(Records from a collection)
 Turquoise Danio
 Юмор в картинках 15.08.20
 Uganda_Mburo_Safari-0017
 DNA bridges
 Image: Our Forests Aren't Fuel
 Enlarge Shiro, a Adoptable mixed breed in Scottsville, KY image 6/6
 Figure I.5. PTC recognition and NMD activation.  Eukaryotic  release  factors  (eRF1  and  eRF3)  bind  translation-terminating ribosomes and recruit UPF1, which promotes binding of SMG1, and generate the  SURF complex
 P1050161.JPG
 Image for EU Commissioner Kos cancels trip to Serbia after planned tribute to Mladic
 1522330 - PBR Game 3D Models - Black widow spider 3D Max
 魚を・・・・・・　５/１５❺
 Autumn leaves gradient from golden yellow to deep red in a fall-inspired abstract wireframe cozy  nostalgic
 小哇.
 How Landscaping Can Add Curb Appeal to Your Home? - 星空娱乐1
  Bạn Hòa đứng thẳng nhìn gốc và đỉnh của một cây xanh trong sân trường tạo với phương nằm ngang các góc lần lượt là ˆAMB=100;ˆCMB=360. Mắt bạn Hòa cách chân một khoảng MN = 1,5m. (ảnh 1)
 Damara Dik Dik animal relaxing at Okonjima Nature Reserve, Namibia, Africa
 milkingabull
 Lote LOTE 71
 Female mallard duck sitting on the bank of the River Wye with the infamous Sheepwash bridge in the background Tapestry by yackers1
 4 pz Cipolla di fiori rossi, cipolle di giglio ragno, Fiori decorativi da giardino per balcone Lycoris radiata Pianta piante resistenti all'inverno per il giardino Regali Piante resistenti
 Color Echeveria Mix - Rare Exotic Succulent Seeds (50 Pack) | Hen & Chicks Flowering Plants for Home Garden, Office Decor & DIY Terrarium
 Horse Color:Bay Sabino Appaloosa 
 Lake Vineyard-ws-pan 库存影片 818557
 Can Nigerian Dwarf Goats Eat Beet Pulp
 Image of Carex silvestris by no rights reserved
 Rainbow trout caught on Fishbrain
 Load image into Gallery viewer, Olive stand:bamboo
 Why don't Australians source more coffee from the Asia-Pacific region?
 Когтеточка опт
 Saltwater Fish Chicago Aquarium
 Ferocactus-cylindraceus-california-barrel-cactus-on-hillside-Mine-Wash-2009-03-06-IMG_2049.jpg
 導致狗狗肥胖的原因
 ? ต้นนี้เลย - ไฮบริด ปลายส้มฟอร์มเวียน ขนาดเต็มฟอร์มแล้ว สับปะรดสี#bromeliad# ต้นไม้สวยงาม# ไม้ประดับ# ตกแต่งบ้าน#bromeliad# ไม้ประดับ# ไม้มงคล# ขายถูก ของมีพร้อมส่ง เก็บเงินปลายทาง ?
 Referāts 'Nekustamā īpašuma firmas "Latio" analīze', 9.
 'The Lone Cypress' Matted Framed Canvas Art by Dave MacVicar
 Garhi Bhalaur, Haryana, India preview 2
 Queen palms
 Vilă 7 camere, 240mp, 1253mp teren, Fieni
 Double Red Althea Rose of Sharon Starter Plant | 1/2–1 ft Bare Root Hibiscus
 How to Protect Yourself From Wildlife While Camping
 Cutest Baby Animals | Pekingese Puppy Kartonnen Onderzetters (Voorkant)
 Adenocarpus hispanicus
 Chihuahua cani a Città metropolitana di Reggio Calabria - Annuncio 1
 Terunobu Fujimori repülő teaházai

## The problem
Set down precisely the lines above between the line holding "4 pz Cipolla" and the line holding "Can Nigerian Dwarf Goats Eat Beet Pulp", inclusive, and nothing beyond them.

## Task result
 4 pz Cipolla di fiori rossi, cipolle di giglio ragno, Fiori decorativi da giardino per balcone Lycoris radiata Pianta piante resistenti all'inverno per il giardino Regali Piante resistenti
 Color Echeveria Mix - Rare Exotic Succulent Seeds (50 Pack) | Hen & Chicks Flowering Plants for Home Garden, Office Decor & DIY Terrarium
 Horse Color:Bay Sabino Appaloosa 
 Lake Vineyard-ws-pan 库存影片 818557
 Can Nigerian Dwarf Goats Eat Beet Pulp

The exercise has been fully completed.